Painting Neoclassical & Romantic (1751–1850) Oil Painting Canvas British

Background & Context

Background Story

Romney's portrait of Mr. Forbes (c. 1780/1790) depicts a male subject—a genre Romney approached with the same technical fluency but often with a different psychological emphasis than his female portraits. Male portraiture in the 18th century typically emphasized authority, achievement, and social position rather than the elegance and freshness that characterized female portraiture. Mr. Forbes, whose first name is not recorded in the title, represents a challenge of identity: the portrait must assert the sitter's individuality through visual means alone, without the aids of rank, context, or narrative. Romney's approach to male portraiture combines the authority appropriate to the subject's social position with a psychological insight that reveals character beneath costume and convention.
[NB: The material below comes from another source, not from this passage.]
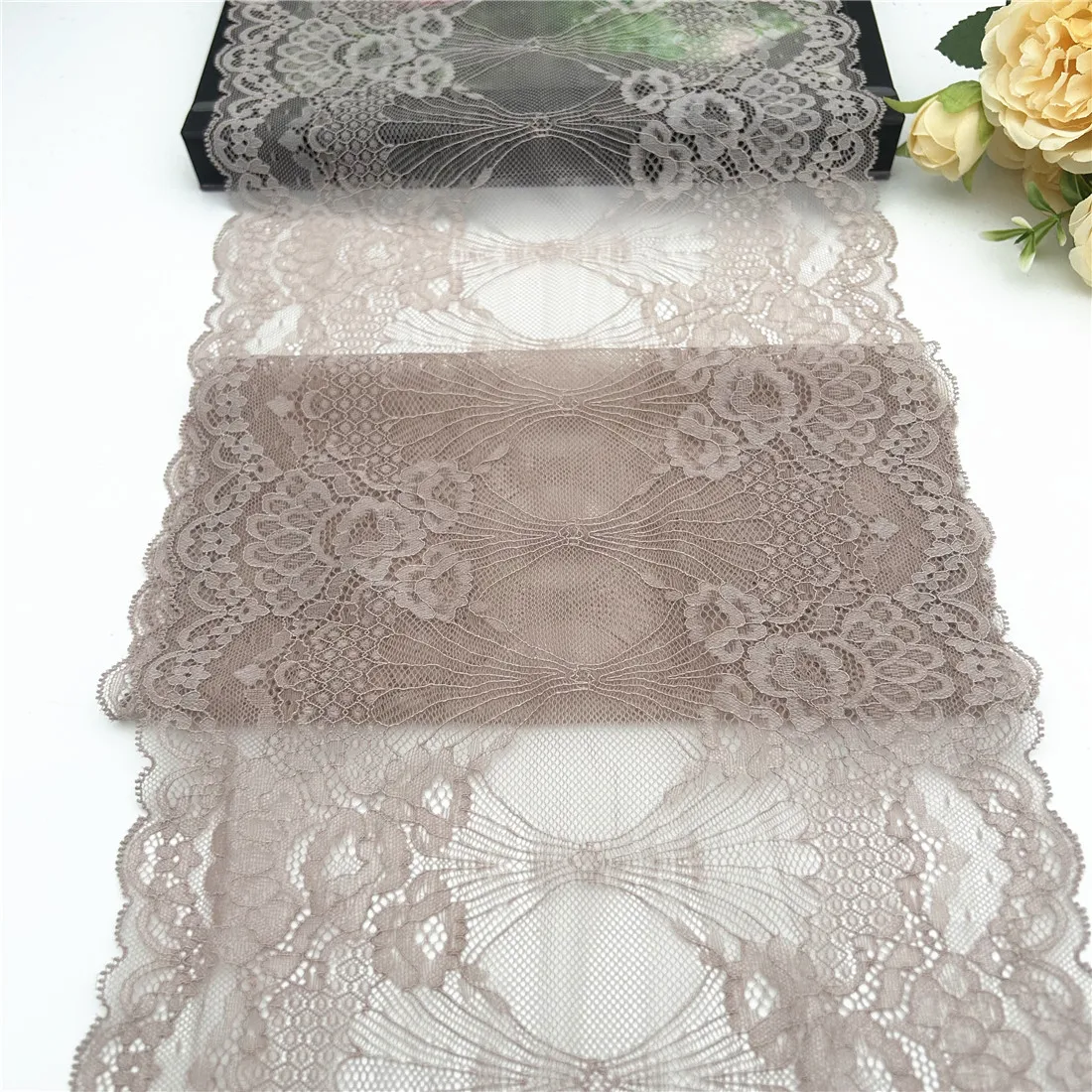 3y/lot W 21.50cm Dark Apricot Shiny Elastic Stretch Lace Trim For Lingerie Sewing Craft DIY Apparel Fabric Lace Garment Acce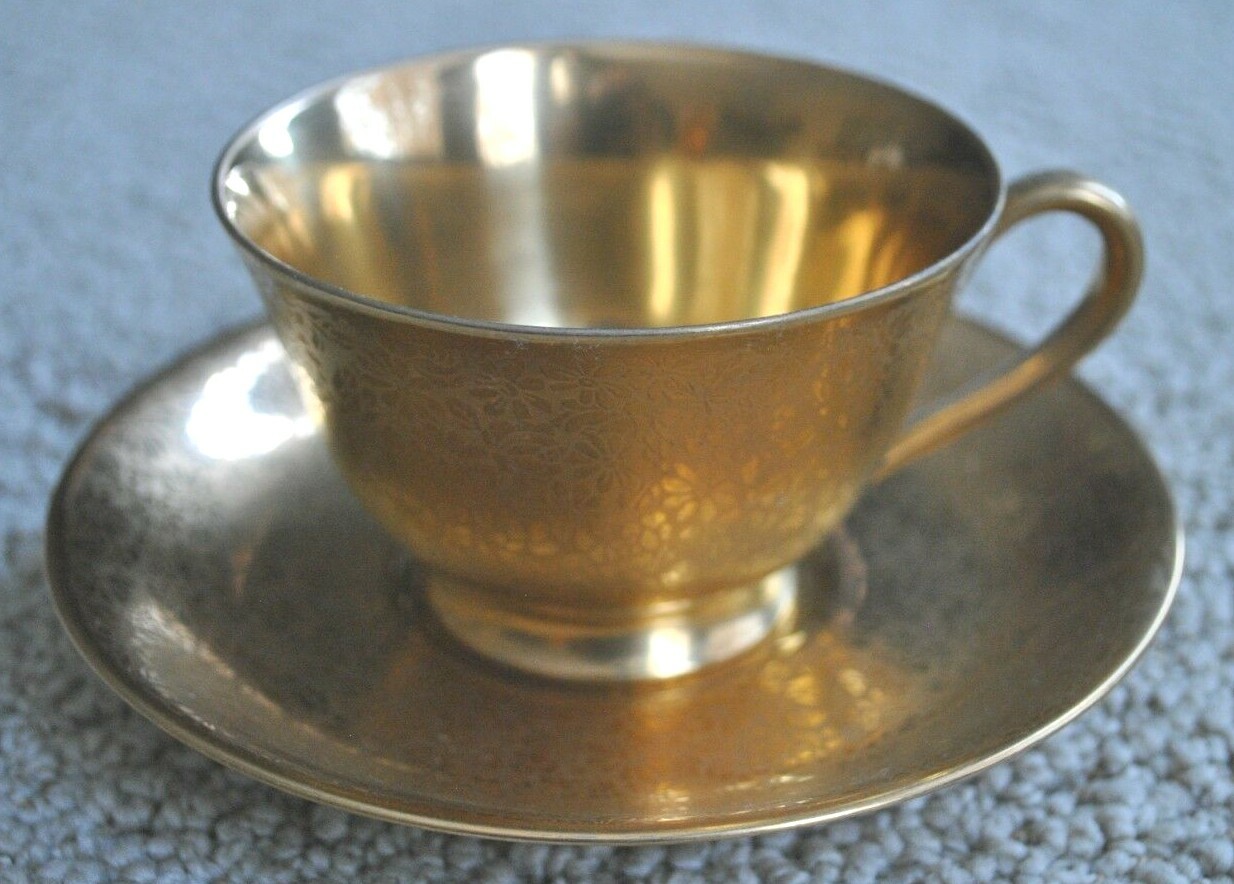 Vintage Stouffer Bavaria Gold Tea Cup & Saucer, Etched Floral Pattern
The 1780-90 date spans a decade of enormous change in Britain, including the loss of the American colonies and the beginning of industrial transformation. Mr. Forbes, whatever his specific identity, represents the British professional or gentry class that navigated these changes with varying degrees of success. Romney's portrait captures a representative of this class at a moment of national transition.

Cultural Impact

Romney's male portraits influenced how British masculinity was represented in the 18th century, establishing conventions of authority and intelligence that influenced later Regency and Victorian portraiture. The portraits documented the visual culture of British professional men—their dress, their demeanor, and the self-presentation strategies that defined male social identity. The Mr. Forbes portrait specifically contributed to the broader tradition of British male portraiture.

Why It Matters

This portrait matters because it demonstrates how portraiture serves both individual and collective identity. Mr. Forbes is both a specific person and a representative of his class and era—Romney's skill lies in making both levels visible simultaneously. For contemporary viewers interested in the history of masculinity, the portrait provides visual evidence of how 18th-century British men presented themselves to the world.